自動車業界におけるテスラの巨人ぶりは、販売実績というよりも株式の時価総額に表れていて最近暴落したが、これは一時的な投資家の作戦に市場が踊らされただけで、規模としては実質一兆ドルの辺りを現在達成している。
この評価の高さが、実績よりも夢や期待に寄せられているのは明らかだが、個人的にはテスラに対する評価は自動車としての評価ではなく、EVや自動運転車におけるプラットフォーマーになり得るという可能性に対する評価だと感じてる。
具体的に言うと、テスラが構築した仕組みやシステムを他車メーカーも採用せざるを得なくなるかもしれないということだ。
トヨタが頑なにEVを否定しようとしても世界は全く同調しないので、最近トヨタもEVを受け入れざるを得なくなったと感じているが、トヨタがテスラのシステムを採用せざるを得なくなるのもそう遠くはないかもしれない。
最近でこそ馴染みが出てきたプラットフォームということばは、ある程度以上の年齢の日本人にとっては駅のホームや時にはバス停など停車場を意味するプラットホームとして最初は覚えたはず。
つい先日、Google(=アルファベット)の時価総額が2兆ドルを越えたと報道されていた。

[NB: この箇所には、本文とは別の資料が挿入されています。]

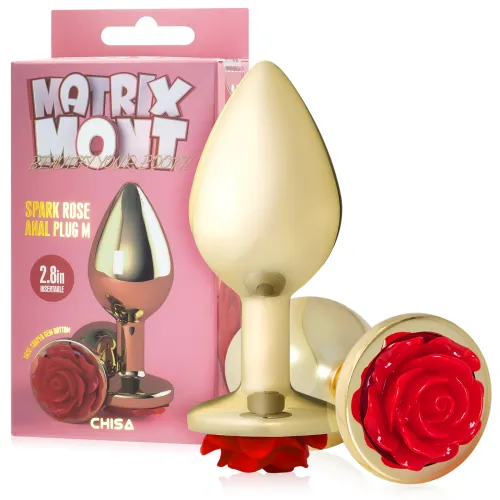 Elegantul dop anal Spark Rose cu trandafir roșu 9 cm - 76551721
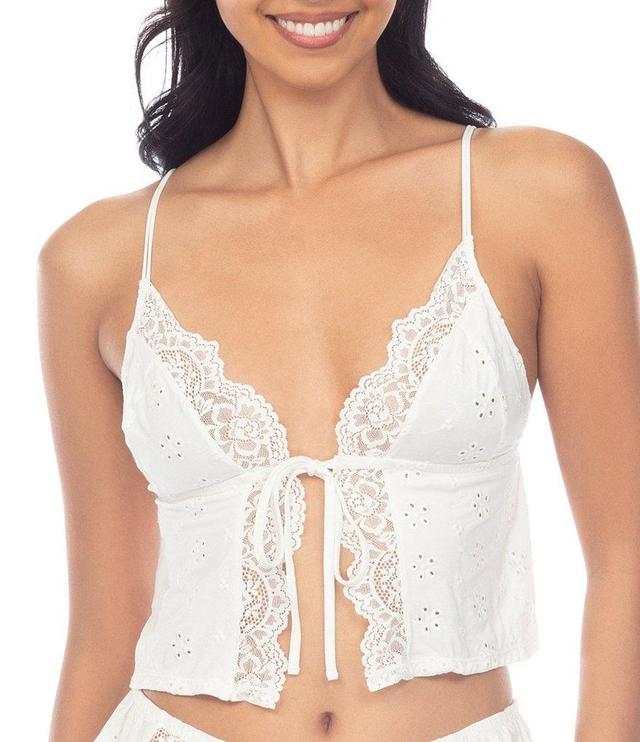 Honeydew Intimates Charli Jersey Eyelet Lace Cut & Sewn Open Tie-Front Cami Product Image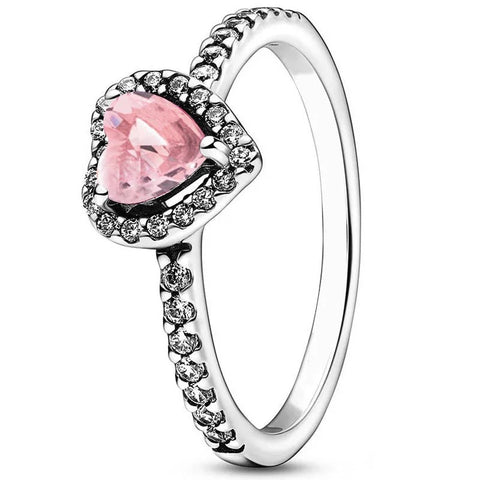 Silver Ring Pink Heart-Shaped Gemstone Diamond Accents - Sterling Silver Ring with Pink Heart-Shaped Gemstone and Diamond Accents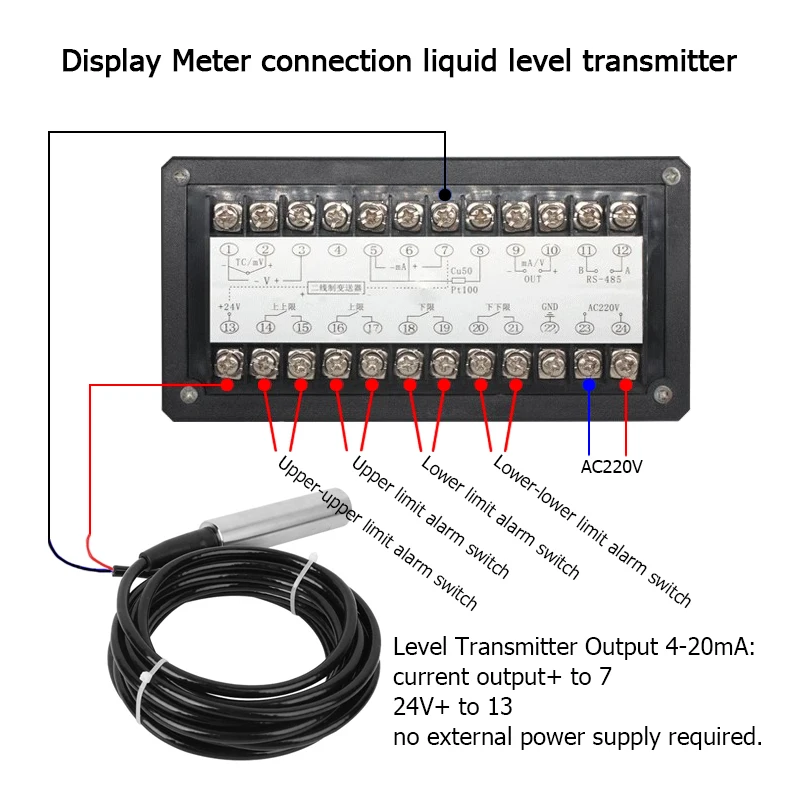 액체 레벨 표시기 측정 디스플레이 제어 기기, 4 방향 릴레이, 4-20mA RS485 출력, AC220V, DC24V 수위 컨트롤러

アップルとマイクロソフトに続いて3社目の2兆ドル突破。
21世紀の世界はプラットフォームを押さえた企業がリードしていたことを示すツイートがあった。
この20年の時価総額ランキングの推移。
— 企業分析ハック -新しいビジネスの教科書を作る- (@company_hack) 2021年10月29日
マイクロソフトはいつも時代のトップに君臨している。 pic.twitter.com/yOImrNIz4C
最近社名変更など冴えないFacebookは、大御所ではあるがプラットフォーマーではないので、アップルやGoogleに広告規制されると悲鳴を上げることしかできないのだ。
2000年にはドコモやNTTが上位に入っている。
前時代的に感じる石油メジャーも多いのは、現代社会は膨大なエネルギー使用を前提として成り立っていることを示している。

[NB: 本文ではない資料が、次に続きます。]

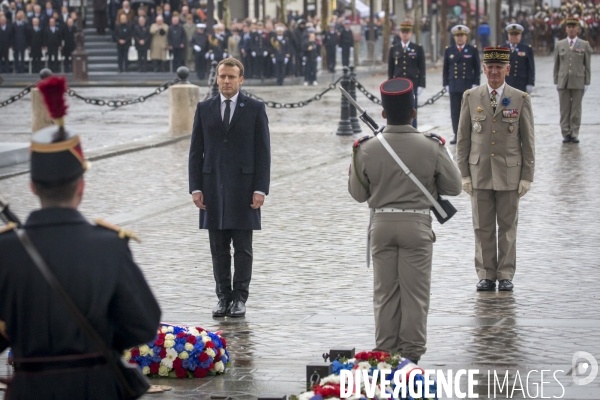 Emmanuel Macronparticipe à la célébration du 99ème anniversaire de l armistice du 11 novembre 1918
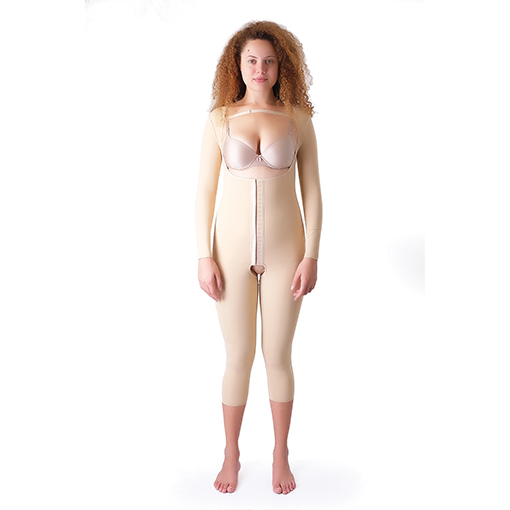 Garment for liposuction below breasts and knees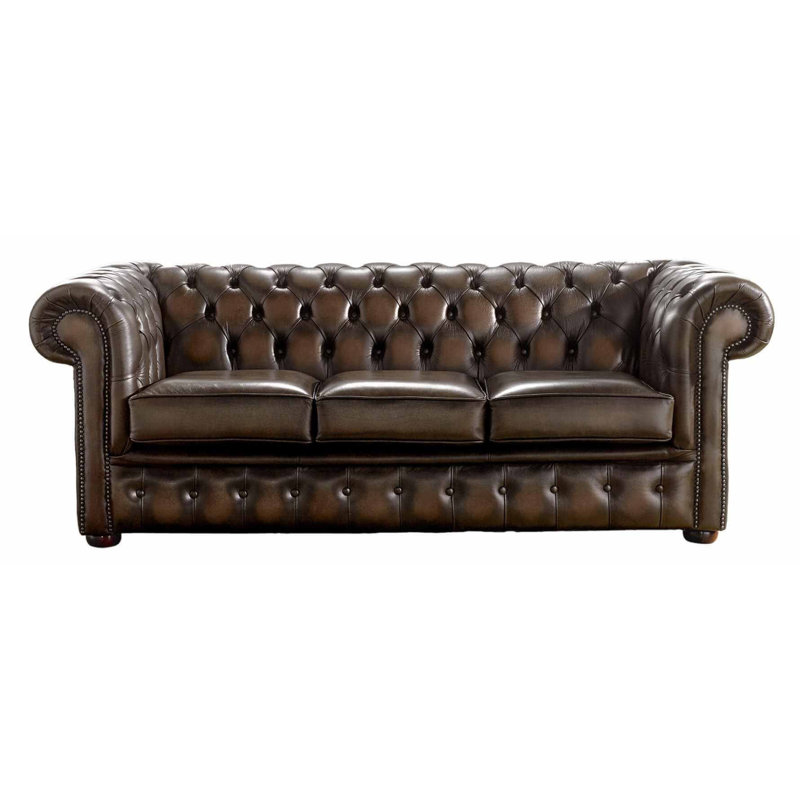  3 Seat Chesterfield Sofa In Antique Leather, Antique Brown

生活の身近にあって当たり前で、その割にはある(有る)ことに特別な思いを寄せてないが、無くなったら大騒ぎになるようなものの多くがプラットフォーム。
ついでに、日本国内の時価総額ランキングの推移を見ると、
【日本の時価総額ランキング推移 決定版】
— 企業分析ハック -新しいビジネスの教科書を作る- (@company_hack) 2020年5月25日
1960年から10年ごとに時価総額ランキングTop10がどのように変化したか調べました。
60年前の時価総額トップ企業はどこでしょうか?
(出所:野村證券) pic.twitter.com/TaeJzyJcit
プラットフォームと言えそうなのは通信系の企業だけで、後は製造業が多い。
製造業が上位にいる頃には、銀行や商社もランキングされてるところを見ると、銀行や商社は一時期は日本ではプラットフォームとして機能してことを窺わせる。
日本では表にあまり出ないが、実はプラットフォームとして君臨してたのが各地域に分割されてる電力会社であり、メーカーも商社も電力会社の言いなりだったのは知る人ぞ知る現実だったが、ここに少しヒビが入ったのが東日本大震災で東京電力の地位が下がったことによってだ。
あまり意識しないのに使ってしまっているのがプラットフォームであり、本当は使いたくないのに使わざるを得ないのがプラットフォーム。
不思議なことに、プラットフォームの内側にいる人も、経営者でもない限り、自分がプラットフォーマーだという実感は得にくいだろう。
そう、成立したプラットフォームの上では踊るか、見るかしか選択肢はないのだ。
阿波踊りでは、踊るか見るかという選択肢は阿呆に与えられたものだ。
プラットフォーマーから見ると、利用者は皆阿呆なのだ。
だったら、踊らなければ損なのだ。